But Mike Maddux had no solutions, and the Rangers lost to the Angels, 9-4, on a Monday night, snapping their five-game winning streak and dropping them to one game out of first place in the American League West.
"It was a little disappointing not making the All-Star team ... but the only thing I was thinking about tonight was trying to win a ballgame, and it obviously didn't work out," Millwood said after losing for only the second time in his last eight starts.

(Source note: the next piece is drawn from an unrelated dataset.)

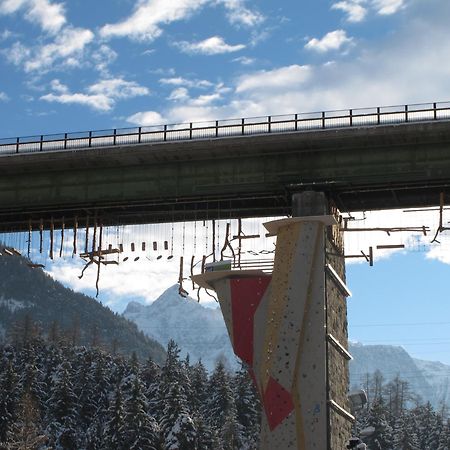 Area 47 Hotel Ötztal-Bahnhof Exterior foto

Josh Hamilton, activated off the disabled list before the game, had two hits, including a single in the first that helped the Rangers take a 2-0 lead, and Ian Kinsler, snapping an 0-for-24 slump, hit a two-run home run in the seventh. Together, that's often more than enough offense for Millwood, who had allowed less than four runs in 12 of his first 17 starts.
But not under a full moon at Angel Stadium.
"You've got to give them credit; they swung the bats well," Rangers third baseman Michael Young said. "The middle of their lineup did a great job. It's just one of those times where you chalk it up to being one of those nights. When Millwood is on the mound, we feel we have a good shot of winning, but it just didn't happen."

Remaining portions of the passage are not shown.